SizheAn / PanoHead

Code Repository for CVPR 2023 Paper "PanoHead: Geometry-Aware 3D Full-Head Synthesis in 360 degree"
Creative Commons Zero v1.0 Universal
1.91k stars 236 forks source link

How Do I Get This to Run on Colab? #8

Closed zsxkib closed 1 year ago

zsxkib commented 1 year ago

I'm on Google Colab:

%%shell
git clone https://github.com/zsxkib/replicate-pano-head.git

ls

pip install numpy click pillow scipy torch requests tqdm ninja matplotlib imageio imgui glfw pyopengl imageio-ffmpeg pyspng psutil mrcfile tensorboard torchvision

cd replicate-pano-head

mkdir "/content/replicate-pano-head/models/"

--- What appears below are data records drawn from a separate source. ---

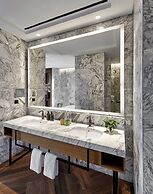 25hours Hotel Jakarta The Oddbird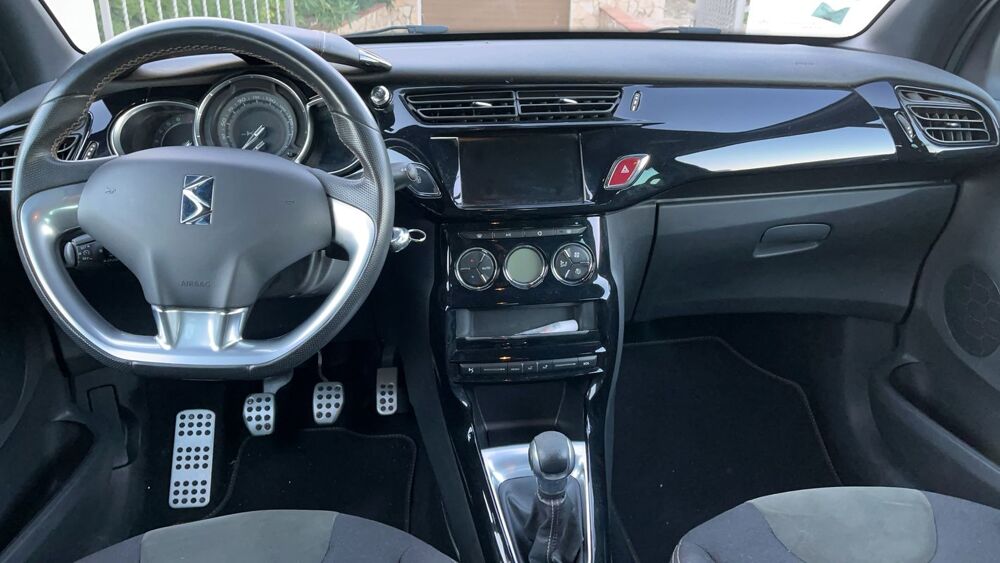 DS3 1.2 PureTech 110 Performance Line 2018 occasion 66110 Amelie Les Bains Palalda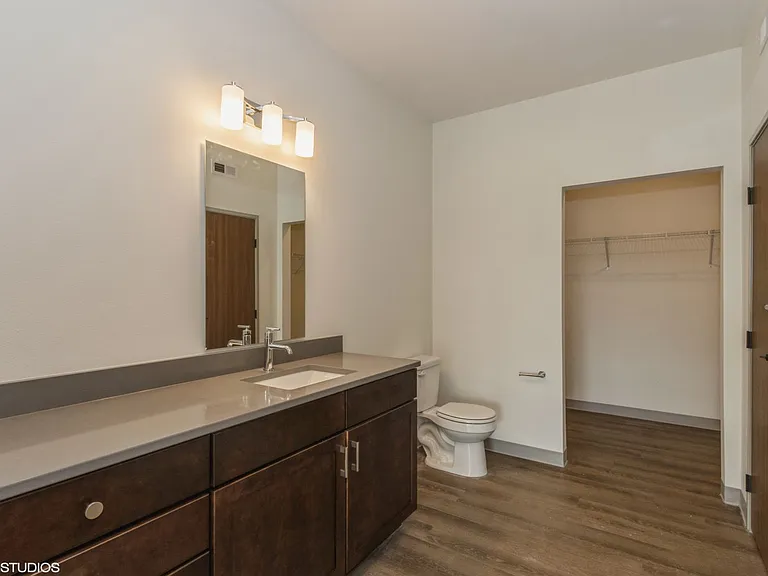 The Leo at the Hub Apartments — Photo 28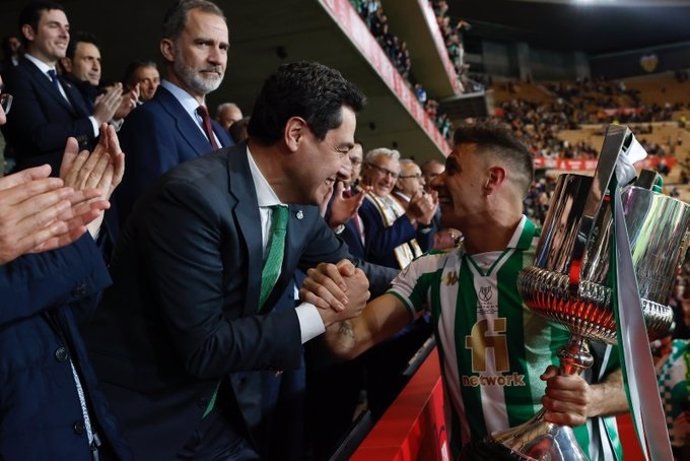Juanma Moreno, presidente de la Junta de Andalucía, felicita a Joaquín Sánchez tras ganar el Betis la final de la Copa del Rey en 2022 en el estadio sevillano de la Cartuja.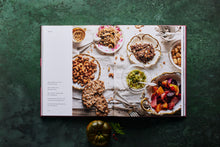 Load the image into the gallery viewer, Evergreens. 70 vegane Rezepte für die schnelle Küche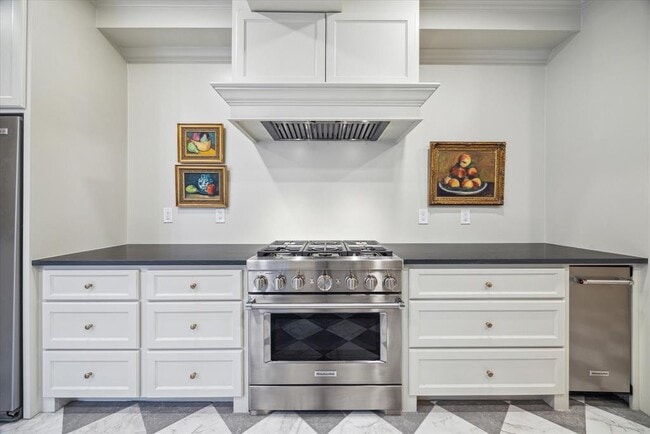 Building Photo - 7603 Olympia Dr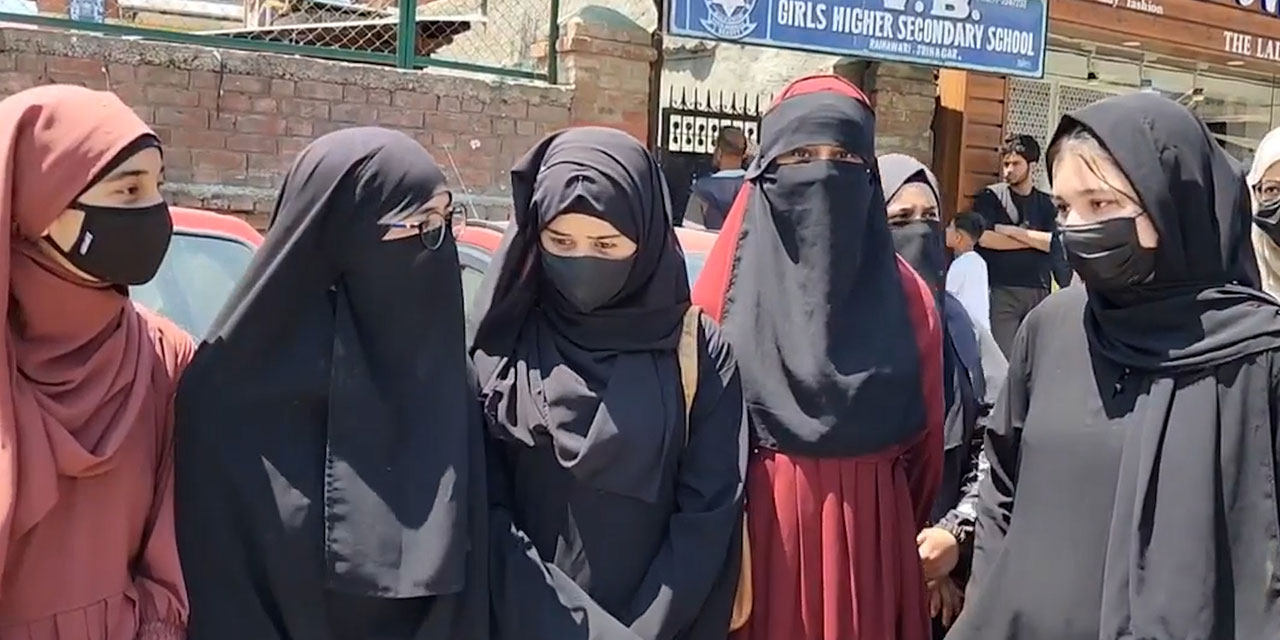 Hindistan, Keşmir'de başörtüsünü yasakladı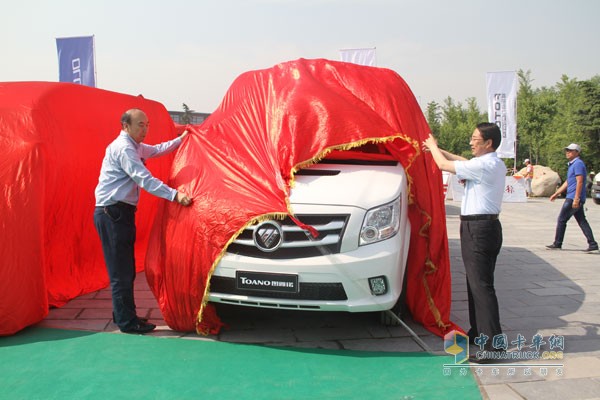 福田汽車集團副總裁、福田輕型商用車業(yè)務總監(jiān)趙建民和陜西省物流與采購聯(lián)合會會長侯東衛(wèi)為圖雅諾新品揭幕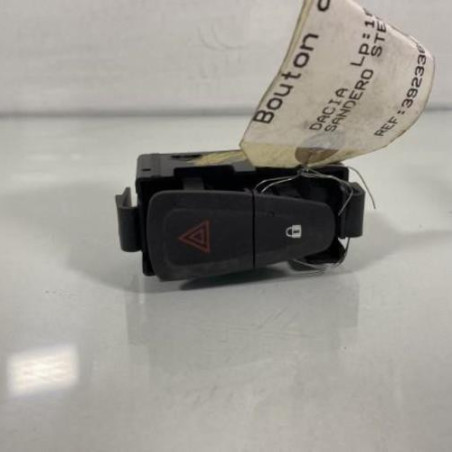 Bouton de warning DACIA SANDERO 2 Photo n°1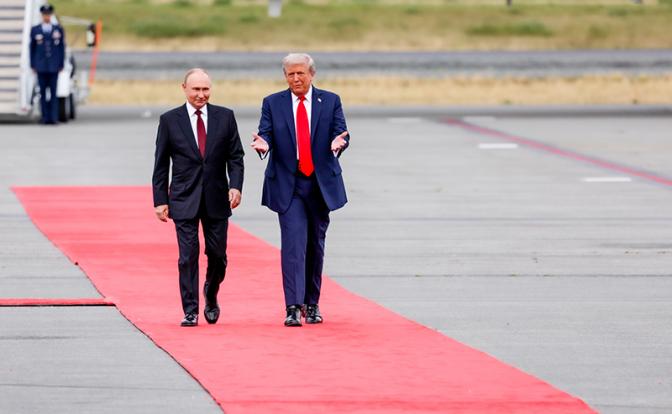 На фото: президент России Владимир Путин и президент США Дональд Трамп (слева направо) во время встречи на территории международного аэропорта Анкоридж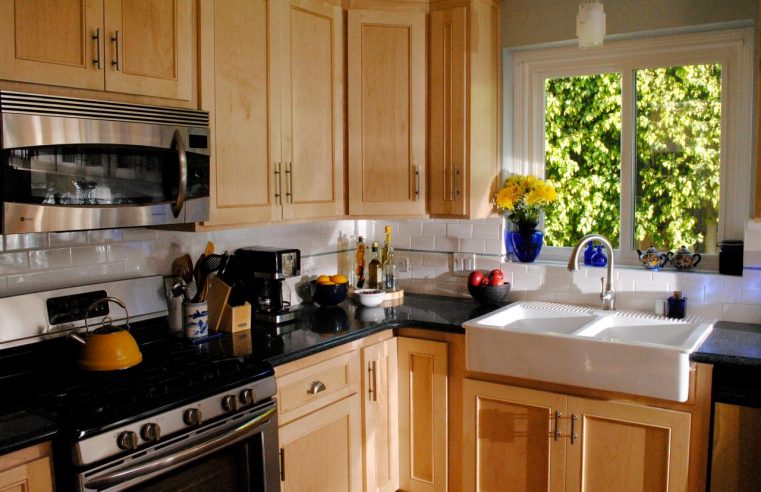 REFACING, REPAINTING, OR REPLACING – WHAT’S THE BEST CHOICE FOR YOUR KITCHEN CABINETS?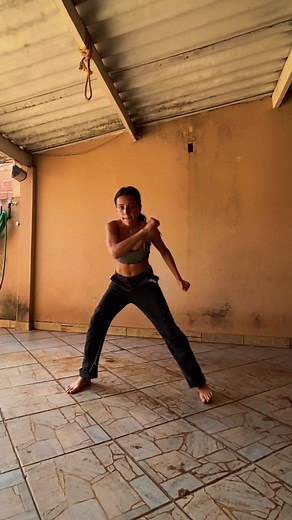 Capoeira Parafuso: Mulher Capoeira em Ação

FILE_ID=1FqvQzICV1H4fbQaz8BiWxtiRYxJd4T8N
DEST_PATH="/content/replicate-pano-head/models/easy-khair-180-gpc0.8-trans10-025000.pkl"
wget --load-cookies /tmp/cookies.txt "https://docs.google.com/uc?export=download&confirm=$(wget --quiet --save-cookies /tmp/cookies.txt --keep-session-cookies --no-check-certificate 'https://docs.google.com/uc?export=download&id=${FILE_ID}' -O- | sed -rn 's/.*confirm=([0-9A-Za-z_]+).*/\1\n/p')&id=${FILE_ID}" -O ${DEST_PATH} && rm -rf /tmp/cookies.txt

This all works. But when I run the following command I get a weird CUDA error. This is running on one T4 GPU:

python /content/replicate-pano-head/gen_videos.py --network /content/replicate-pano-head/models/easy-khair-180-gpc0.8-trans10-025000.pkl --seeds 0
Loading networks from "/content/replicate-pano-head/models/easy-khair-180-gpc0.8-trans10-025000.pkl"...
Traceback (most recent call last):
  File "/content/replicate-pano-head/gen_videos.py", line 371, in <module>
    generate_images() # pylint: disable=no-value-for-parameter
  File "/usr/local/lib/python3.10/dist-packages/click/core.py", line 1130, in __call__
    return self.main(*args, **kwargs)
  File "/usr/local/lib/python3.10/dist-packages/click/core.py", line 1055, in main
    rv = self.invoke(ctx)
  File "/usr/local/lib/python3.10/dist-packages/click/core.py", line 1404, in invoke
    return ctx.invoke(self.callback, **ctx.params)
  File "/usr/local/lib/python3.10/dist-packages/click/core.py", line 760, in invoke
    return __callback(*args, **kwargs)
  File "/content/replicate-pano-head/gen_videos.py", line 334, in generate_images
    G = legacy.load_network_pkl(f)['G_ema'].to(device) # type: ignore
  File "/usr/local/lib/python3.10/dist-packages/torch/nn/modules/module.py", line 1145, in to
    return self._apply(convert)
  File "/usr/local/lib/python3.10/dist-packages/torch/nn/modules/module.py", line 797, in _apply
    module._apply(fn)
  File "/usr/local/lib/python3.10/dist-packages/torch/nn/modules/module.py", line 797, in _apply
    module._apply(fn)
  File "/usr/local/lib/python3.10/dist-packages/torch/nn/modules/module.py", line 797, in _apply
    module._apply(fn)
  [Previous line repeated 2 more times]
  File "/usr/local/lib/python3.10/dist-packages/torch/nn/modules/module.py", line 820, in _apply
    param_applied = fn(param)
  File "/usr/local/lib/python3.10/dist-packages/torch/nn/modules/module.py", line 1143, in convert
    return t.to(device, dtype if t.is_floating_point() or t.is_complex() else None, non_blocking)
RuntimeError: CUDA error: invalid device ordinal
CUDA kernel errors might be asynchronously reported at some other API call, so the stacktrace below might be incorrect.
For debugging consider passing CUDA_LAUNCH_BLOCKING=1.
Compile with `TORCH_USE_CUDA_DSA` to enable device-side assertions.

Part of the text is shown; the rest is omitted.